[Stored data entries]
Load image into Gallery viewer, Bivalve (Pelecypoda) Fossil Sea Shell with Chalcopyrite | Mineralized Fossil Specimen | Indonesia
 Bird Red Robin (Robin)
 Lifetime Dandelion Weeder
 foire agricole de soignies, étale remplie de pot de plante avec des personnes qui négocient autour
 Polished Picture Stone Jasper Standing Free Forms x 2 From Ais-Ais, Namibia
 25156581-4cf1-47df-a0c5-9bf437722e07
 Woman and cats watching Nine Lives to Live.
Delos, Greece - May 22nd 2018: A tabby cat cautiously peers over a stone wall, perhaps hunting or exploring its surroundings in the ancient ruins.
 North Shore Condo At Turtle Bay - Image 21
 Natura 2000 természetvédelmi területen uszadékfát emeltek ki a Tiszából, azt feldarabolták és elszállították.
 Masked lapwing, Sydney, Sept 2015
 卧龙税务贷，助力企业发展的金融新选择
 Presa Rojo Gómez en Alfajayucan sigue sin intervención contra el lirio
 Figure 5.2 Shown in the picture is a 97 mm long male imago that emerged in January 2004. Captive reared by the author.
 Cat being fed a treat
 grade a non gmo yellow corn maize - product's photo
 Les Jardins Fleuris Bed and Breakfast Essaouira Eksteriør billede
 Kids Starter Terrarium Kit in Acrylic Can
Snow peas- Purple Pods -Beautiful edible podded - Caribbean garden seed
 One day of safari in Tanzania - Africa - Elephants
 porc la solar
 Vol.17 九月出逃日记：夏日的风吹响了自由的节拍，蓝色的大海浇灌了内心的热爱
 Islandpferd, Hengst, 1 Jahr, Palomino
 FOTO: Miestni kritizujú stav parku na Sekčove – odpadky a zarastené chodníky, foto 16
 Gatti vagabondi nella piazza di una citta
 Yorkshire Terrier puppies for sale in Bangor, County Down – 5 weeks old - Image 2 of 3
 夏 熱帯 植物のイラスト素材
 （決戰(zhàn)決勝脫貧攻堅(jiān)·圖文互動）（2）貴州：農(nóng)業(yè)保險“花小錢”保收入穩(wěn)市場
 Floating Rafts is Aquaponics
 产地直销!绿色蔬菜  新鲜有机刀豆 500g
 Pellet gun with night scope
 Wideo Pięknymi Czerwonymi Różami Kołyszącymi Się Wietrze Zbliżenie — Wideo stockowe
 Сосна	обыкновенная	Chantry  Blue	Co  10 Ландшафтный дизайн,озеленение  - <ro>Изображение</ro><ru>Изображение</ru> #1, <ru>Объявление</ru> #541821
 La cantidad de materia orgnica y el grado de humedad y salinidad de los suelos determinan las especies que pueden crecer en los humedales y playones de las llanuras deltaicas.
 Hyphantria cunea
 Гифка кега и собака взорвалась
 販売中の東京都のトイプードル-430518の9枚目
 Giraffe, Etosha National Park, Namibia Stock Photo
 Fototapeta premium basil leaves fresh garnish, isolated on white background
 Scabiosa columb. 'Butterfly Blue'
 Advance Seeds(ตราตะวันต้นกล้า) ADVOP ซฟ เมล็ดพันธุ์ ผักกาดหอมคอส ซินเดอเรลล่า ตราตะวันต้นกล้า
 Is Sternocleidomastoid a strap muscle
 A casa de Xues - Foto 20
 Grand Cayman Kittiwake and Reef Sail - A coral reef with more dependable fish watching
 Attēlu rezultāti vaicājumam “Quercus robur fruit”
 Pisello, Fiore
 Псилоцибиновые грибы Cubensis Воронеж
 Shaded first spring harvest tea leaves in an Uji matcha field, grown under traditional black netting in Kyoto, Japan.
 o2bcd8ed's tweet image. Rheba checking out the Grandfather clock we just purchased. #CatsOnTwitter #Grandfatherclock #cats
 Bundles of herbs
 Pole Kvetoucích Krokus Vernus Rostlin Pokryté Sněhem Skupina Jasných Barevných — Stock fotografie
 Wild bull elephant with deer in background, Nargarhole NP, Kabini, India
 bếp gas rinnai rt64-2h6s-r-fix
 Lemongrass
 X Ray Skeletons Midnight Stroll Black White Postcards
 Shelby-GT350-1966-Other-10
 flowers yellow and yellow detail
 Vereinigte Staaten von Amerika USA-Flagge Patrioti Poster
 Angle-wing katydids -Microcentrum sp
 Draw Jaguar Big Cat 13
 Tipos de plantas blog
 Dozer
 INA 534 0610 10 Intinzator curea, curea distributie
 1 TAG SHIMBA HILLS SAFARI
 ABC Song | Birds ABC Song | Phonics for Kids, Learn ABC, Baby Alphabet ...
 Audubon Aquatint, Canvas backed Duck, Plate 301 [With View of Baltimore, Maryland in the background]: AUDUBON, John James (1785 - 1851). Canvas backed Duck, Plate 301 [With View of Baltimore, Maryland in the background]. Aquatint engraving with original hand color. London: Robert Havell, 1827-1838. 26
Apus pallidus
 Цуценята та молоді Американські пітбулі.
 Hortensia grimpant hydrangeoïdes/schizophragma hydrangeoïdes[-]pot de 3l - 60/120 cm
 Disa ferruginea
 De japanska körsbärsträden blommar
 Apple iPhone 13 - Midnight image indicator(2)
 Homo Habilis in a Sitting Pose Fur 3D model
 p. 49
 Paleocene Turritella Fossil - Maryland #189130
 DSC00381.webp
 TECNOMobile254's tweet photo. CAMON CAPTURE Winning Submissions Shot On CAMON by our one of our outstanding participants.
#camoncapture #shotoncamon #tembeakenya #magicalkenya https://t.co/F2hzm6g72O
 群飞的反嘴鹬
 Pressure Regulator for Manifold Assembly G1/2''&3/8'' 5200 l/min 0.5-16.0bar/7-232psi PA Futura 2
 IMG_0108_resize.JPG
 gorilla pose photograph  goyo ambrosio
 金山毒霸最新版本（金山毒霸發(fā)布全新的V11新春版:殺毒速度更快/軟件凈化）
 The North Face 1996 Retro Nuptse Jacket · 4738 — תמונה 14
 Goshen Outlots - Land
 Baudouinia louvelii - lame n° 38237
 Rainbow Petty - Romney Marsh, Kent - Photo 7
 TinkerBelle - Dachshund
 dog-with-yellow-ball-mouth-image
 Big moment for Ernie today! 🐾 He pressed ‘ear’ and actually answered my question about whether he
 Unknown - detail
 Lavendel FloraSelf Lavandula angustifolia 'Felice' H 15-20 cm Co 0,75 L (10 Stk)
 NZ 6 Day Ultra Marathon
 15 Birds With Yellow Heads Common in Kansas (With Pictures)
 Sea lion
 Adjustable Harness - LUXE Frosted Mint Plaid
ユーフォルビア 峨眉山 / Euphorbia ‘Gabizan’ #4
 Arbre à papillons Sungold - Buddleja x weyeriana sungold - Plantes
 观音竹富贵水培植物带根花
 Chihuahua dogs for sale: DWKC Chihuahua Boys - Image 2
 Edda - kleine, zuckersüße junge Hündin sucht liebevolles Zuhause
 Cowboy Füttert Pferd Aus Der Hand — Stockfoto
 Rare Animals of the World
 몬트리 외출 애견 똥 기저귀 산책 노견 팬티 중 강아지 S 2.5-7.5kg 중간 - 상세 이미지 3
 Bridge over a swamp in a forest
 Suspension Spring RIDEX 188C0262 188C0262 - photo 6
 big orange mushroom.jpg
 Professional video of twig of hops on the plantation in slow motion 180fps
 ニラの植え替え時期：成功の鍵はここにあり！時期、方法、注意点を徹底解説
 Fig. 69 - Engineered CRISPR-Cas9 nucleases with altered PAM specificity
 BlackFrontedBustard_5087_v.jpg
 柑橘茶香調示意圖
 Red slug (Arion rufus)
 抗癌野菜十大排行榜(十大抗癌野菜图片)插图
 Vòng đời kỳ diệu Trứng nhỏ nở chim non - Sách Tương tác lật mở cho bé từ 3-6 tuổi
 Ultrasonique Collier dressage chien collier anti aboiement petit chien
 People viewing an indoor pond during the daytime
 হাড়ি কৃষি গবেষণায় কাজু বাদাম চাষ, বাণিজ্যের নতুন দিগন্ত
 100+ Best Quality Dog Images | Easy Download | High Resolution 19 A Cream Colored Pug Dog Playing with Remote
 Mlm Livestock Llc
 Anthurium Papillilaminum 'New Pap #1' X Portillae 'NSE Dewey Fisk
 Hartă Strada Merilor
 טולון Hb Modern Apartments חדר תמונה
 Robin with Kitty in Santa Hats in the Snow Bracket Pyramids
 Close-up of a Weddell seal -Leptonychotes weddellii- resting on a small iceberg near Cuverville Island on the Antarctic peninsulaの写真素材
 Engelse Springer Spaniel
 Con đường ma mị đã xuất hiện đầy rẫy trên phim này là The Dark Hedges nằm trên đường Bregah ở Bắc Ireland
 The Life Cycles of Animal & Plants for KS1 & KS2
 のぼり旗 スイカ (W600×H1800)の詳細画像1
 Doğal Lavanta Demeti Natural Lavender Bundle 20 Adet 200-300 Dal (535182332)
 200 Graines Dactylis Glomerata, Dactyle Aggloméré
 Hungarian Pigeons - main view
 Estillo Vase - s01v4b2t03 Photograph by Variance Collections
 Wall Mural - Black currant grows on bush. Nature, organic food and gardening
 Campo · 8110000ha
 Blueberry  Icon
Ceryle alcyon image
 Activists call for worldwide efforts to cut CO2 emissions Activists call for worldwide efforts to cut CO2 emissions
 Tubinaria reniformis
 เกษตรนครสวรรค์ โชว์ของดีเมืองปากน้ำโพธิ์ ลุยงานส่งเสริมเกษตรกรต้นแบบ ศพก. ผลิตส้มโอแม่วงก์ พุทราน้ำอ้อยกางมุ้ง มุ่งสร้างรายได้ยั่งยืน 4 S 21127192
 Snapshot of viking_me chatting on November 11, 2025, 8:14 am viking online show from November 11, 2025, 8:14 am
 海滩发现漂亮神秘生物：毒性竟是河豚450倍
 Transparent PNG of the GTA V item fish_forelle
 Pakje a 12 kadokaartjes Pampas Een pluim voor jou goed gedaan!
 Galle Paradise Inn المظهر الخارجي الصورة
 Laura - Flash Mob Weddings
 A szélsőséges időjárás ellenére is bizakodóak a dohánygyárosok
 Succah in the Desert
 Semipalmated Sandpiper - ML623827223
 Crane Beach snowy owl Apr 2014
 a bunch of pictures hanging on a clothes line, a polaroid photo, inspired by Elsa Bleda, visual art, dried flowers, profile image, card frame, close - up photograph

__Try it__: Look above for the line holding "flowers yellow and yellow detail", then set down exactly that line and every line after it up to and including the line holding "Chihuahua dogs for", with nothing else.

__Task response__:
 flowers yellow and yellow detail
 Vereinigte Staaten von Amerika USA-Flagge Patrioti Poster
 Angle-wing katydids -Microcentrum sp
 Draw Jaguar Big Cat 13
 Tipos de plantas blog
 Dozer
 INA 534 0610 10 Intinzator curea, curea distributie
 1 TAG SHIMBA HILLS SAFARI
 ABC Song | Birds ABC Song | Phonics for Kids, Learn ABC, Baby Alphabet ...
 Audubon Aquatint, Canvas backed Duck, Plate 301 [With View of Baltimore, Maryland in the background]: AUDUBON, John James (1785 - 1851). Canvas backed Duck, Plate 301 [With View of Baltimore, Maryland in the background]. Aquatint engraving with original hand color. London: Robert Havell, 1827-1838. 26
Apus pallidus
 Цуценята та молоді Американські пітбулі.
 Hortensia grimpant hydrangeoïdes/schizophragma hydrangeoïdes[-]pot de 3l - 60/120 cm
 Disa ferruginea
 De japanska körsbärsträden blommar
 Apple iPhone 13 - Midnight image indicator(2)
 Homo Habilis in a Sitting Pose Fur 3D model
 p. 49
 Paleocene Turritella Fossil - Maryland #189130
 DSC00381.webp
 TECNOMobile254's tweet photo. CAMON CAPTURE Winning Submissions Shot On CAMON by our one of our outstanding participants.
#camoncapture #shotoncamon #tembeakenya #magicalkenya https://t.co/F2hzm6g72O
 群飞的反嘴鹬
 Pressure Regulator for Manifold Assembly G1/2''&3/8'' 5200 l/min 0.5-16.0bar/7-232psi PA Futura 2
 IMG_0108_resize.JPG
 gorilla pose photograph  goyo ambrosio
 金山毒霸最新版本（金山毒霸發(fā)布全新的V11新春版:殺毒速度更快/軟件凈化）
 The North Face 1996 Retro Nuptse Jacket · 4738 — תמונה 14
 Goshen Outlots - Land
 Baudouinia louvelii - lame n° 38237
 Rainbow Petty - Romney Marsh, Kent - Photo 7
 TinkerBelle - Dachshund
 dog-with-yellow-ball-mouth-image
 Big moment for Ernie today! 🐾 He pressed ‘ear’ and actually answered my question about whether he
 Unknown - detail
 Lavendel FloraSelf Lavandula angustifolia 'Felice' H 15-20 cm Co 0,75 L (10 Stk)
 NZ 6 Day Ultra Marathon
 15 Birds With Yellow Heads Common in Kansas (With Pictures)
 Sea lion
 Adjustable Harness - LUXE Frosted Mint Plaid
ユーフォルビア 峨眉山 / Euphorbia ‘Gabizan’ #4
 Arbre à papillons Sungold - Buddleja x weyeriana sungold - Plantes
 观音竹富贵水培植物带根花
 Chihuahua dogs for sale: DWKC Chihuahua Boys - Image 2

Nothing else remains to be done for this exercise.